N’est-il pas temps dès lors, de changer d’approche en laissant émerger des « champions agricoles » ?

Le riz reçu de l’Asie, au titre de l’aide, est cultivé par des paysans soutenus et motivés. Devons-nous en être fiers alors que la jachère envahit nos terres sous de fallacieuses raisons ?

Ce paradoxe ne présage rien de bon. Car depuis l’indépendance, la question foncière coltine les dirigeants et angoisse les adeptes de la souveraineté alimentaire. Nul ne sait ce qui va se passer.

La guerre Ukraine-Russie entre dans une phase décisive. L’Europe qui soutenait Kiev, recule alors que les Etats-Unis renouent avec le facétieux « América first » pour davantage se recroqueviller.

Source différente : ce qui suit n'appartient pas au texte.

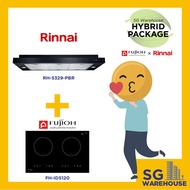 [FH-ID5120Fujioh Induction Hob &amp; RH-S329-PBR Rinnai Hood] HYBRID COMBO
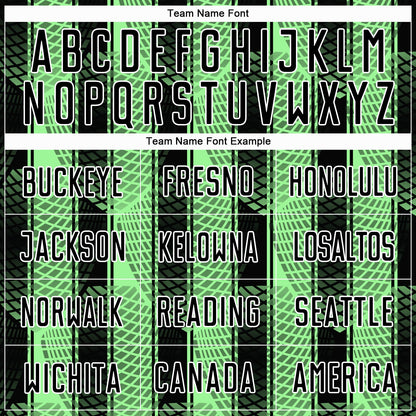 Custom Black Pea Green-White Abstract Network Sublimation Soccer Uniform Jersey - Sky-Custom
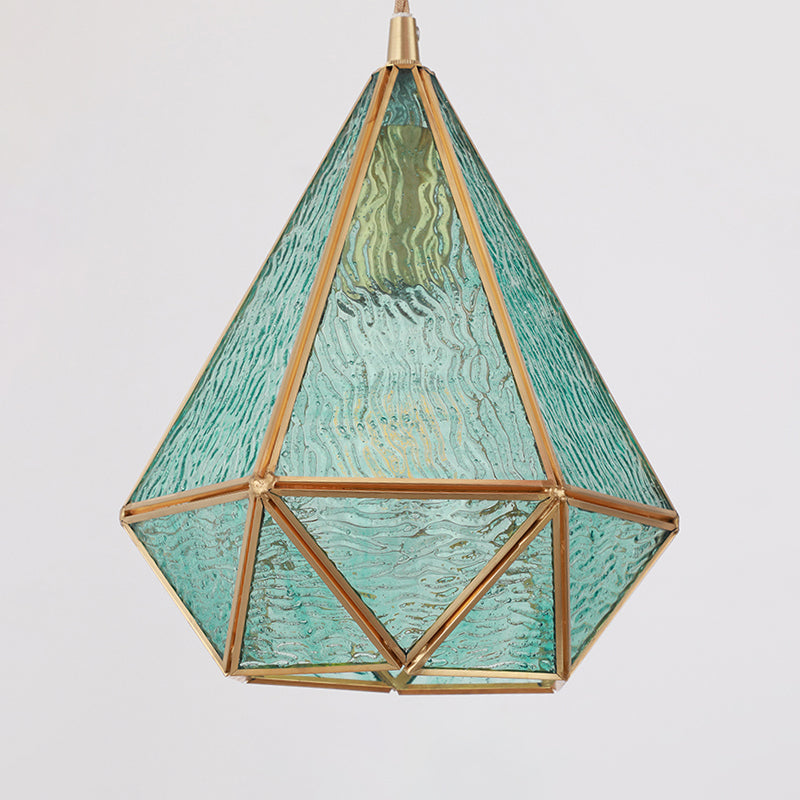 Delira Hanglamp Tiffany Glas Messing Plafondplaat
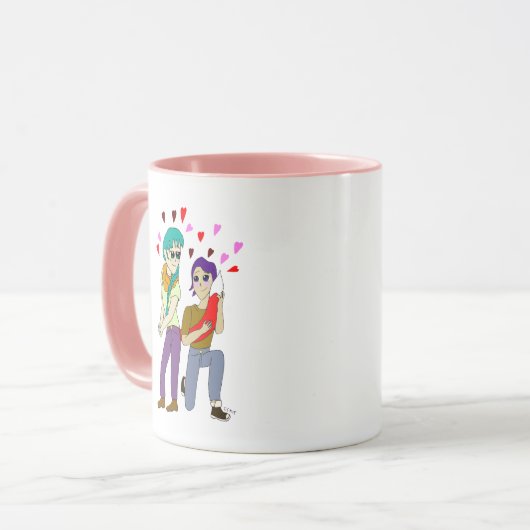 Mug amour de queue (Devant gauche)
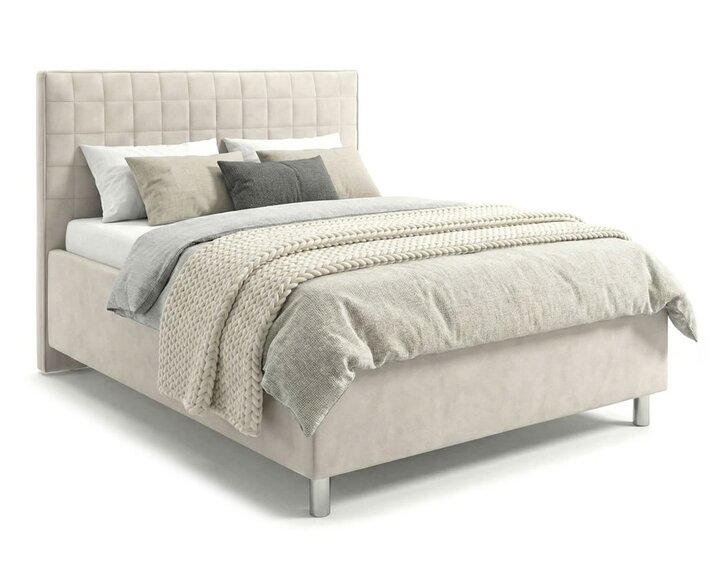 Čalouněná postel s úložným prostorem a roštem Belarona, 140x200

Victorieux dans deux primaires clés, Trump renait de ses cendres et inquiète Biden par ailleurs chahuté par Netanyahu.

Ce dernier croise les doigts, espérant une victoire en novembre du sulfureux milliardaire new yorkais. Porté par ces tensions vives, le monde retient son souffle. Chaque bloc compte sur ses forces pour résister au rouleau compresseur d’une crise mondiale qui se dessine.

La Chine n’a pas encore dit son dernier mot. Elle progresse en Afrique et gagne du terrain au détriment d’une Europe moribonde.